Work item >> Beginning with the first line below, please repeat the material exactly, ending with the line that includes "Utility room with".

------------------------------

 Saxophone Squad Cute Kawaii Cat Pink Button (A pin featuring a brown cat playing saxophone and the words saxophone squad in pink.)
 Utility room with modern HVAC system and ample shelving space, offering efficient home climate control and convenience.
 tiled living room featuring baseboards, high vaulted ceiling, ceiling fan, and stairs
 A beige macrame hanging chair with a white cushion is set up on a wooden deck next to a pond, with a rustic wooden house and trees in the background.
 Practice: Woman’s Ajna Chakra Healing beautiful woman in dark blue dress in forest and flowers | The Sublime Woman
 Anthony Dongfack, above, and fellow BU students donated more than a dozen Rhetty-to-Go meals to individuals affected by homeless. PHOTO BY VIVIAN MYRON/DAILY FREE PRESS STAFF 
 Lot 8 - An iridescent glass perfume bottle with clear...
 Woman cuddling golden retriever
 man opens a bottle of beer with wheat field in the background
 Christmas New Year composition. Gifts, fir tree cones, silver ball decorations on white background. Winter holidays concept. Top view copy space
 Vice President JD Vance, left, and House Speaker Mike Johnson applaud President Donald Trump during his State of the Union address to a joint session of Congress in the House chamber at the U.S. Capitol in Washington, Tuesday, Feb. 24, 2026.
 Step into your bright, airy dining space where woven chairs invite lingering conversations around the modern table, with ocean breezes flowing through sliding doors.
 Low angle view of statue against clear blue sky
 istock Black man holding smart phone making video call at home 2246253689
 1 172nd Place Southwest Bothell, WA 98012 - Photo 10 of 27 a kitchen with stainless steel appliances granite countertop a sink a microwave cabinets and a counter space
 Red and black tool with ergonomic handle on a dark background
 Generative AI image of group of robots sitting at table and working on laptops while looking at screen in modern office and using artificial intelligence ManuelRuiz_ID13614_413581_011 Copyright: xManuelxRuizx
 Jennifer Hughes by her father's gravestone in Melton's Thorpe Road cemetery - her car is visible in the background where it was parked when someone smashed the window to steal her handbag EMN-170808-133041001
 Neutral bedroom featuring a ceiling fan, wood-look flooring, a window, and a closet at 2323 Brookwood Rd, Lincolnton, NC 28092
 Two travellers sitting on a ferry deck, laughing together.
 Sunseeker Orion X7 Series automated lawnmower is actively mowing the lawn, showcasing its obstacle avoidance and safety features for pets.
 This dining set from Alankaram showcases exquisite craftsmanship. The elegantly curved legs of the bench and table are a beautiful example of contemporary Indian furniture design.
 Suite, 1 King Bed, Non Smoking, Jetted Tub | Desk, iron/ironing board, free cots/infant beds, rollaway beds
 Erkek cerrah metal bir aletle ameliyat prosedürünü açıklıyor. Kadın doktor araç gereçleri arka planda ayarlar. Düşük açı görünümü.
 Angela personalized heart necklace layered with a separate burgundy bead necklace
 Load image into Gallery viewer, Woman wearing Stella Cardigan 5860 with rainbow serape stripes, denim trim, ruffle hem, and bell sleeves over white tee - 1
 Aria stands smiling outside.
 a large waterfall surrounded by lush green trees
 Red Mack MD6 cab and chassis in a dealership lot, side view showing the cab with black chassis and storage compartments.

------------------------------

Reply >>
 Saxophone Squad Cute Kawaii Cat Pink Button (A pin featuring a brown cat playing saxophone and the words saxophone squad in pink.)
 Utility room with modern HVAC system and ample shelving space, offering efficient home climate control and convenience.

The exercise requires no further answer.